He stared at the lake view.

“I’ve been … reinfected,” she said. “You’ll cure me.”

Tenderness welled in him. He kissed her again.

“Ahem! I beg your pardon.”

They pulled apart, dismayed. Two men had entered. The first was gray, gaunt, erect, his night-blue tunic agleam with decorations. After him trailed a young person, pudgy, gaudily clad, not overly steady of gait. Kenri and Nivala rose. The Kithman bowed, arms crossed on breast.

“Oh, how nice.” Nivala’s voice had gone thready. “This is Kenri Shaun. Kenri, my uncle, Colonel Torwen Jonach from Canda, of the Supreme Staff. And his grandson, the Honorable Oms.” Her laugh jittered. “Fancy coming home to find you have a cousin twice removed, your own age.”

“Your honor, Lieutenant.” The colonel’s tone was as stiff as his back. Oms giggled.

“You will pardon the interruption,” from Canda proceeded. “I wished to speak to Lieutenant Shaun as soon as possible, and must leave tomorrow for an … operation that may take many days. You will understand that this is for the good of my niece and the entire family.”

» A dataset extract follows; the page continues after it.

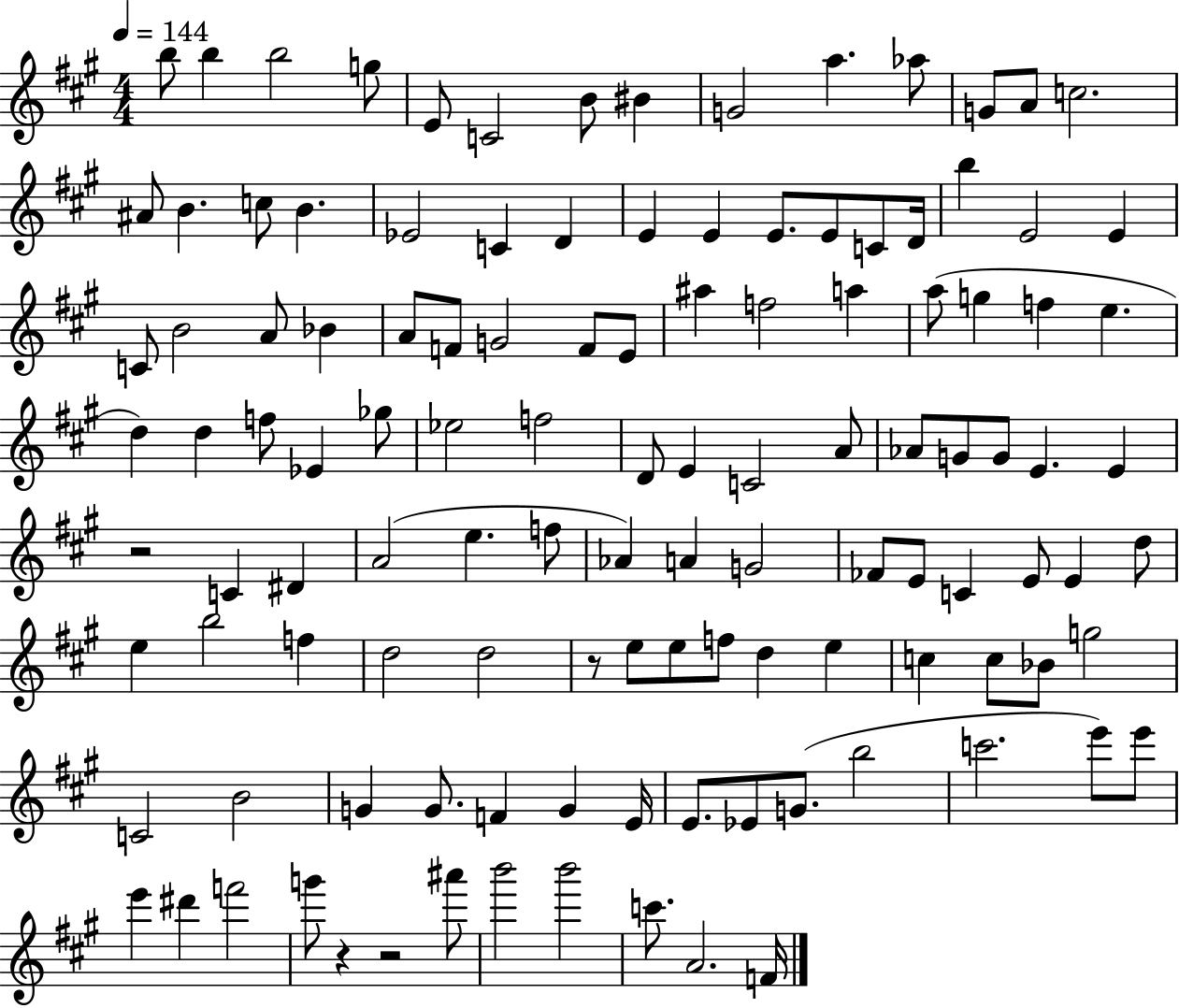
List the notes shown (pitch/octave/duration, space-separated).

B5/e B5/q B5/h G5/e E4/e C4/h B4/e BIS4/q G4/h A5/q. Ab5/e G4/e A4/e C5/h. A#4/e B4/q. C5/e B4/q. Eb4/h C4/q D4/q E4/q E4/q E4/e. E4/e C4/e D4/s B5/q E4/h E4/q C4/e B4/h A4/e Bb4/q A4/e F4/e G4/h F4/e E4/e A#5/q F5/h A5/q A5/e G5/q F5/q E5/q. D5/q D5/q F5/e Eb4/q Gb5/e Eb5/h F5/h D4/e E4/q C4/h A4/e Ab4/e G4/e G4/e E4/q. E4/q R/h C4/q D#4/q A4/h E5/q. F5/e Ab4/q A4/q G4/h FES4/e E4/e C4/q E4/e E4/q D5/e E5/q B5/h F5/q D5/h D5/h R/e E5/e E5/e F5/e D5/q E5/q C5/q C5/e Bb4/e G5/h C4/h B4/h G4/q G4/e. F4/q G4/q E4/s E4/e. Eb4/e G4/e. B5/h C6/h. E6/e E6/e E6/q D#6/q F6/h G6/e R/q R/h A#6/e B6/h B6/h C6/e. A4/h. F4/s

Kenri’s armpits were wet. He prayed they wouldn’t stink. “Of course, sir. Please be seated.”

From Canda nodded and lowered his angular frame to the bench, beside the Kithman. Oms and Nivala took opposite ends. “How ’bout we send for wine?” Oms proposed.

“No,” from Canda told him. The old man’s eyes, winter-bleak, sought Kenri’s. “First,” he said, “I want to make clear that I do not share the prejudice against your people. It is absurd. The Kith is demonstrably the genetic equal of the Star families, and doubtless superior to a number of their members.” The glance went briefly to Oms. Contemptuously? Kenri guessed that the grandson had tagged along, half drunk, out of curiosity or whatever it was, and the grandfather had allowed it lest he make a scene.

“The cultural barrier is formidable,” from Canda went on, “but if you will exert yourself to surmount it, I am prepared in due course to sponsor your adoption.”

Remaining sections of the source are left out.